Please leave out pictures and print exactly the lines from the one that has "Nummerlapp PVC Velcro 4 Numbers Brun" through the last line of the material below.

========

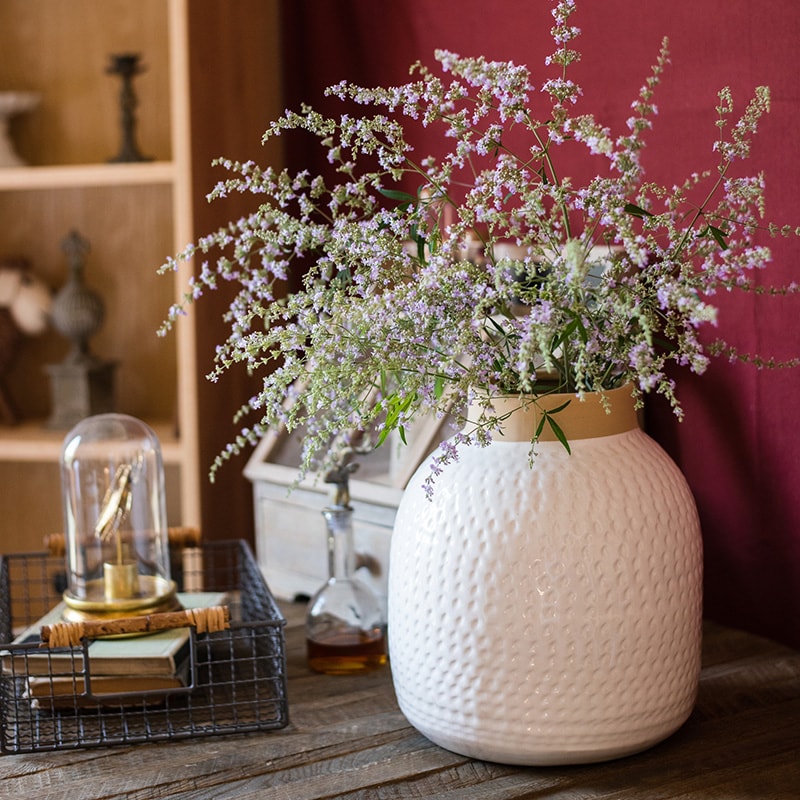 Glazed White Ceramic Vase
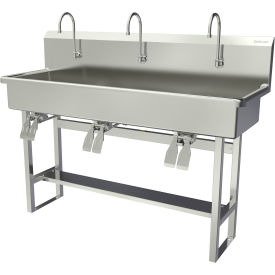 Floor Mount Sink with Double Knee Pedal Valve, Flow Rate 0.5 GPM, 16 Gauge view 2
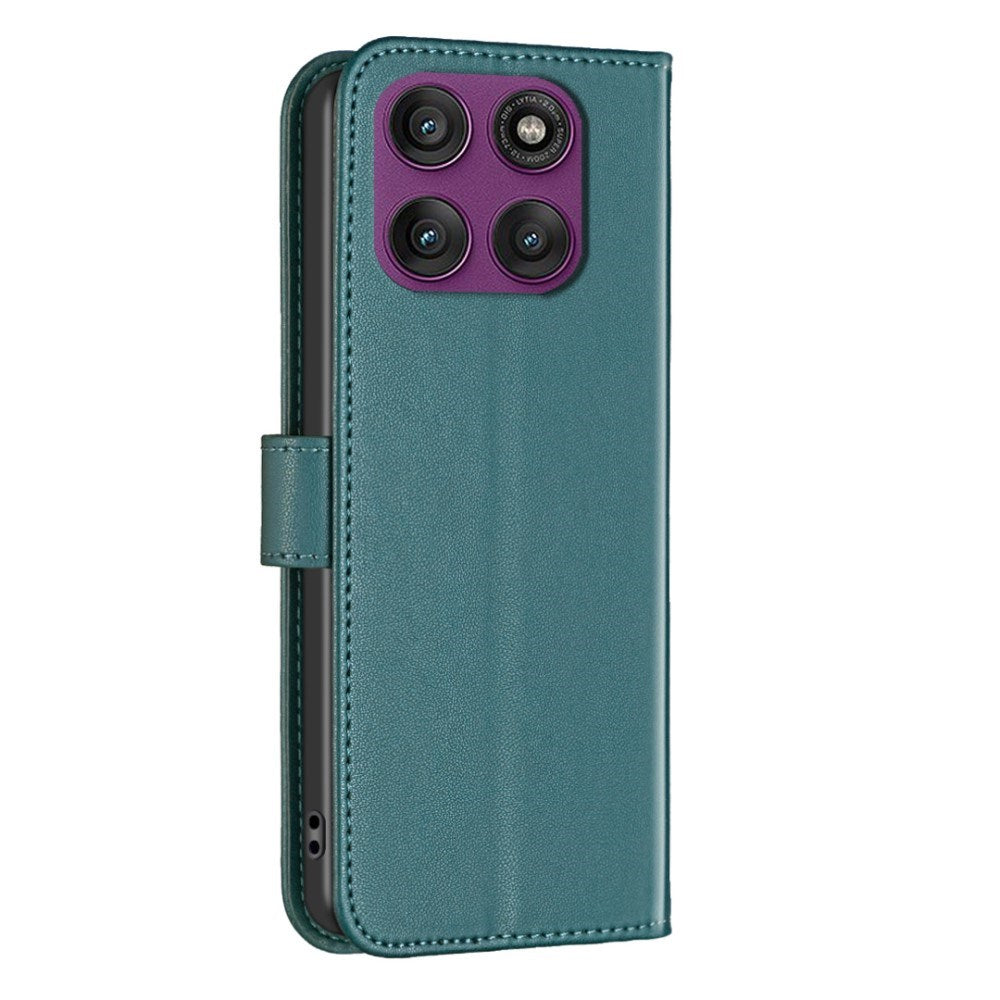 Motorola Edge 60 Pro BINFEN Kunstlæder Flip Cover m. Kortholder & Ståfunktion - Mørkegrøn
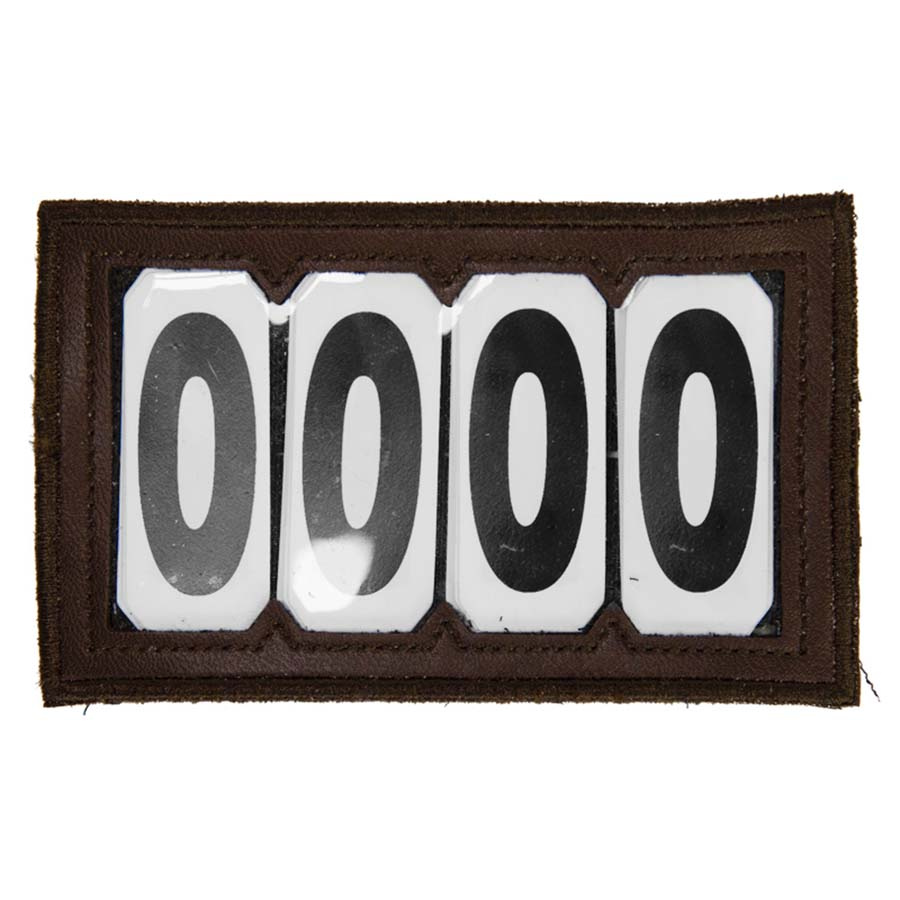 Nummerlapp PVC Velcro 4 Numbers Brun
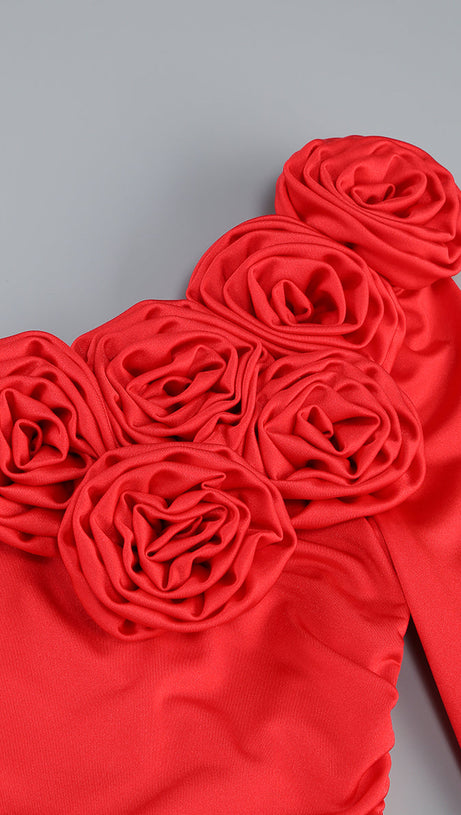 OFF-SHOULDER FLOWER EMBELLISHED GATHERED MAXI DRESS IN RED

========

- _Finished task_
 Nummerlapp PVC Velcro 4 Numbers Brun
 OFF-SHOULDER FLOWER EMBELLISHED GATHERED MAXI DRESS IN RED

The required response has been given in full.